Density analysis producing extreme values?

Question

I have point data of gas flares and I am trying to create a simple density raster of those flares. Results are either 0 or in the 100,000-1,000,000 range (when there's 5 to 40 or so points in each box).

At least as I see it, I am trying to do the most basic of point density analyses. I'm just simply trying to count up how many points are in that box! I'm using a reference raster of 15 arcseconds. My point density dialogue is as below. Note that I've tried it two different ways with very similar results. Any suggestions of where I'm going wrong? I'm guessing it has to do with my search radius, but how do I tell Arc I want my search radius to be the same as the pixel?

Dialogue:

Results:

Environments: Processing extent same as reference raster
Input: Gas Flares Points
Population: none
Output: ...\Flare_Dens.tif
Output cell size: 0.004167 (15 arcsecs in dec degrees, same as raster I'm snapping to)
Neighborhood: Rectangle
Radius: Map, 0.004167 x 0.004167

OR (getting similar results in the >100,000 range)
Radius: Cell, 1 x 1

Answer 1

Sounds like a projection issue to me. Your data and analysis is being performed in decimal degrees - implying a geographic coordinate system. And yes, your map units are decimal degrees as evidenced by your screenshots. This is part of the problem. Generally in order to do calcuations related to area and length you want to be in a projected coordinate system, which is why I suggest a UTM zone projection using meters.

The area units I refer to in my comment is in the Point Density tool - last parameter which your question doesn't mention and screenshot doesn't show (you need to scroll down or make the dialog box bigger). That controls the unit values of your output raster and performs the unit conversion for the density units - ie your data could be in meters but you could set that to square feet and your output raster units would be density/sf.

The key here is that cell size units and density value units are independent of each other. You can have a one kilometer square area (cell) where the density of gas flares is 0.345 per square foot. You could also have a one foot square cell where the density is 300 per square kilometer. In your case, your cell is a fraction of a square degree. The default area unit would be one square degree. Therefore 18 points in your cell translates to a density of x per some small fraction of a degree, times whatever it takes to get a full square degree (extrapolating out to the chosen/default area unit), equals the extreme values you're seeing. You could set the area unit to square feet or something, but since there's no direct, uniform conversion between a degree and a foot, you still may not get accurate results - which is why it's best to project your data first.

The search radius just controls how far out from a given cell to look for points to count toward the density. You've already taken care of setting it to one cell in the Neighborhood section of the dialog box. The issue isn't that the tool is going beyond your cell to count points, it's a unit conversion/magnitude problem.

Long story short: project your data (something like UTM zone as appropriate to your area) before running Point Density.

Answer 2

The problem with the projections others have suggested is that you'll be unable to divide the spherical surface of the Earth into equally-sized cells using a rectangular grid. A discrete global grid would be most appropriate here as it will generate a grid of equally-sized, hexagonal cells.

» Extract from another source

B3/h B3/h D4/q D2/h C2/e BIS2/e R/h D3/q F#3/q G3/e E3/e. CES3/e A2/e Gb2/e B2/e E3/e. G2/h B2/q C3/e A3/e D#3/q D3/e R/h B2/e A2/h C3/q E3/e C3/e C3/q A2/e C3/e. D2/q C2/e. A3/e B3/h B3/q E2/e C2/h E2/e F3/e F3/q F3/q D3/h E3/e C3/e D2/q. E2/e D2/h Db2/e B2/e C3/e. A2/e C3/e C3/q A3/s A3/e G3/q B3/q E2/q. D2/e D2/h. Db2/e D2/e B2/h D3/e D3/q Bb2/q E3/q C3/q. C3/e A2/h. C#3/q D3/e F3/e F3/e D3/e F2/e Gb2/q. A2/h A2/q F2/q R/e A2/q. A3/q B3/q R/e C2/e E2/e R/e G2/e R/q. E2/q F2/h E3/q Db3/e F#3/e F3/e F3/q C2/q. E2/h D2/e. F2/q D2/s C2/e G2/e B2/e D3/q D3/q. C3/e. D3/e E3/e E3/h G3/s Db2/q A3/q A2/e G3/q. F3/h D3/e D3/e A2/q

I don't think Arc has the capability to do such things, but my package dggridR makes it easy enough if you have access to R:

library(dggridR)
library(dplyr)

#Construct a global grid with cells approximately 1000 miles across
dggs          <- dgconstruct(spacing=1000, metric=FALSE, resround='down')

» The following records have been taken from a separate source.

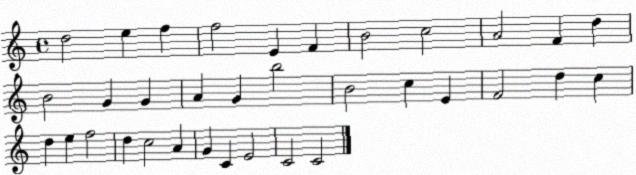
X:1
T:Untitled
M:4/4
L:1/4
K:C
d2 e f f2 E F B2 c2 A2 F d B2 G G A G b2 B2 c E F2 d c d e f2 d c2 A G C E2 C2 C2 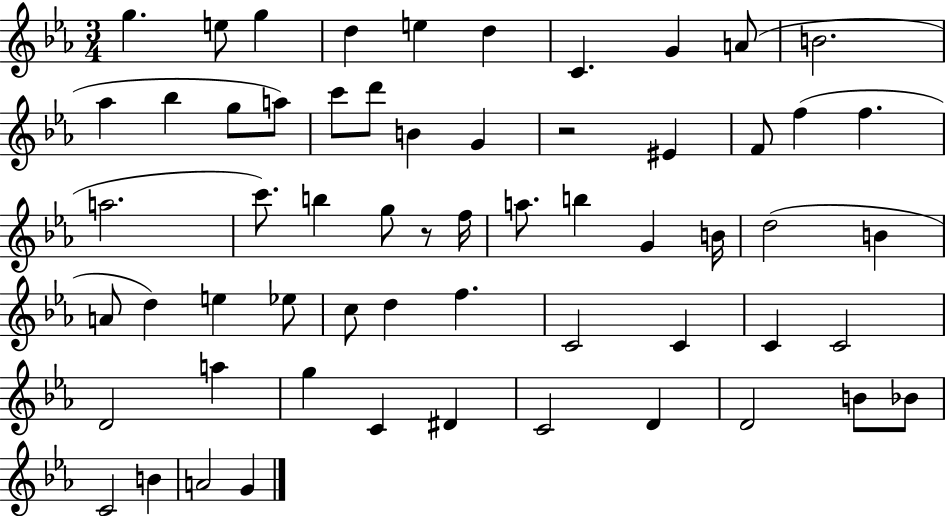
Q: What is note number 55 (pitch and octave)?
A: C4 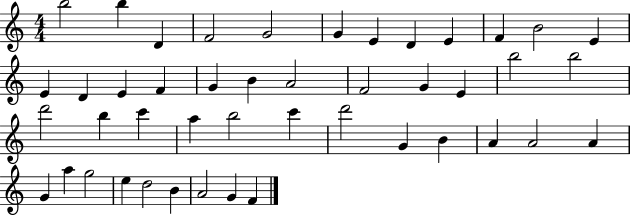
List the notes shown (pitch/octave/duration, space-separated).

B5/h B5/q D4/q F4/h G4/h G4/q E4/q D4/q E4/q F4/q B4/h E4/q E4/q D4/q E4/q F4/q G4/q B4/q A4/h F4/h G4/q E4/q B5/h B5/h D6/h B5/q C6/q A5/q B5/h C6/q D6/h G4/q B4/q A4/q A4/h A4/q G4/q A5/q G5/h E5/q D5/h B4/q A4/h G4/q F4/q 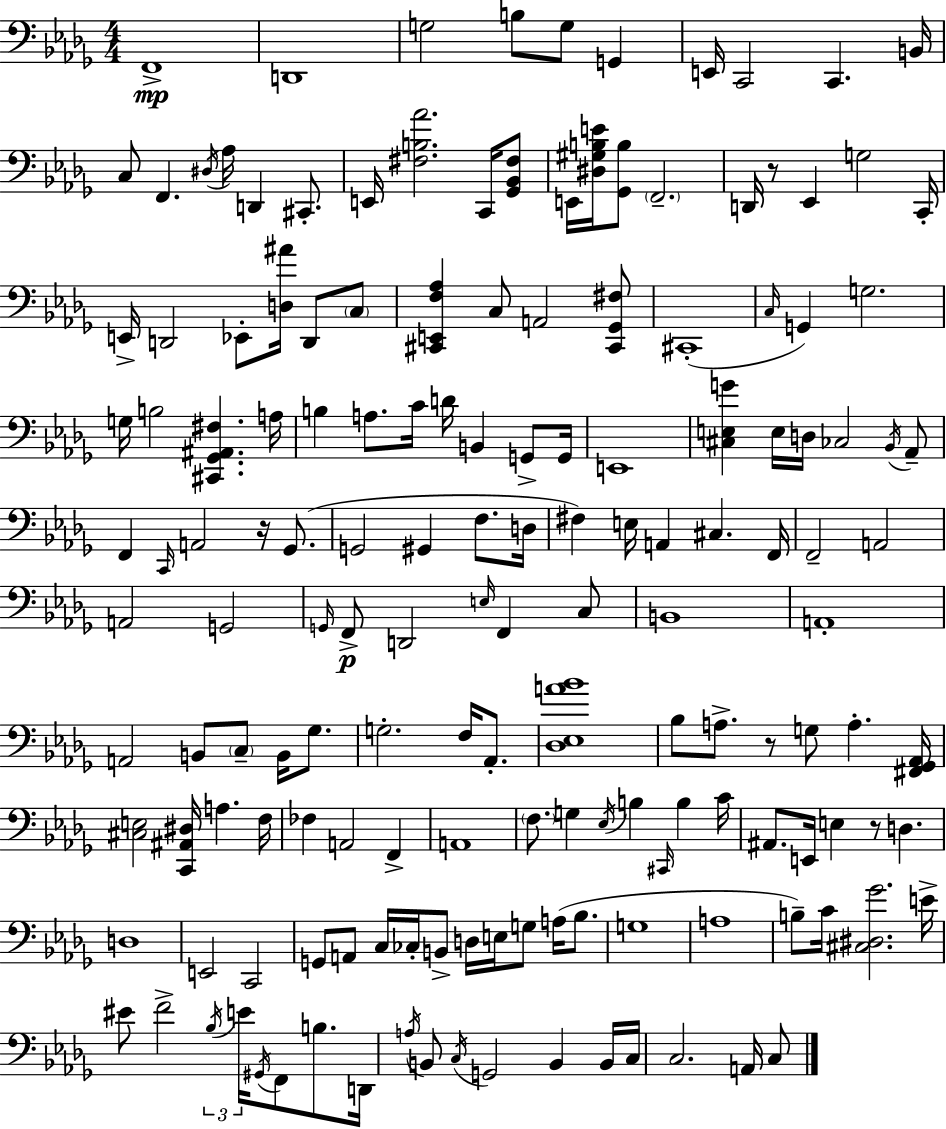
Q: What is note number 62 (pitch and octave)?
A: A2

#Load included test data set
data(dgquakes)

#Get the corresponding equally-sized, hexagonal grid cells for each 
#earthquake epicenter (lat-long pair)
dgquakes$cell <- dgtransform(dggs,dgquakes$lat,dgquakes$lon)

#Get the number of earthquakes in each equally-sized cell
quakecounts   <- dgquakes %>% group_by(cell) %>% summarise(count=n())

Plotting the result yields:

The cells do not appear to be of equal size because of the distortion imposed by the projection. The method others have suggested is to do such a projection and lay a rectalinear grid on top of it. From the image above, it should be obvious what a bad idea that can be. Choosing projections carefully and working in limited geographical areas reduces this error, but only so much.

If we reproject the same data onto a sphere, it is obvious that the cells are of equal size, as desired:

Naturally, you could choose a finer grid as appropriate for your data set.